Problem: Number of dpcpp devices should be greater than zero.
    Cause: If you use Intel® Extension for PyTorch* in a conda environment, you might encounter this error. Conda also ships the libstdc++.so dynamic library file that may conflict with the one shipped in the OS.

    Solution: Export the libstdc++.so file path in the OS to an environment variable LD_PRELOAD.
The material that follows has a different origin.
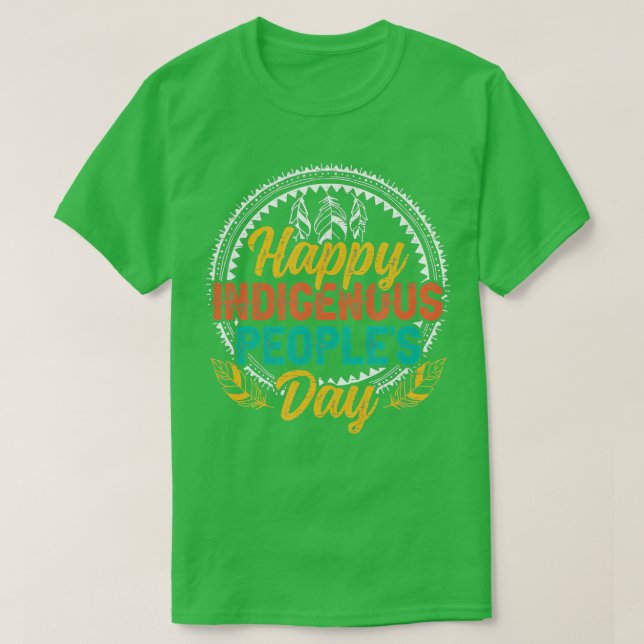 Happy Indigenous Peoples Day  T-Shirt (Design Front)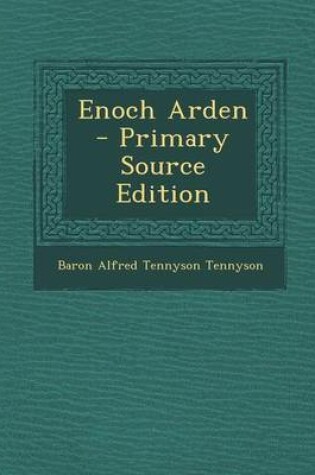 Cover of Enoch Arden - Primary Source Edition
I tried these steps: a. /sbin/ldconfig -p | grep stdc++ b. Pick the location of stdc++ for 64bit c. export LD_PRELOAD=<location of stdc++> d. 'conda activate' your environment e. source oneAPI variables f. Test the same python device command.

I was able to solve the issue with conda env.

Please check and let us know.

Hi @mudler Did this solution fix your issue?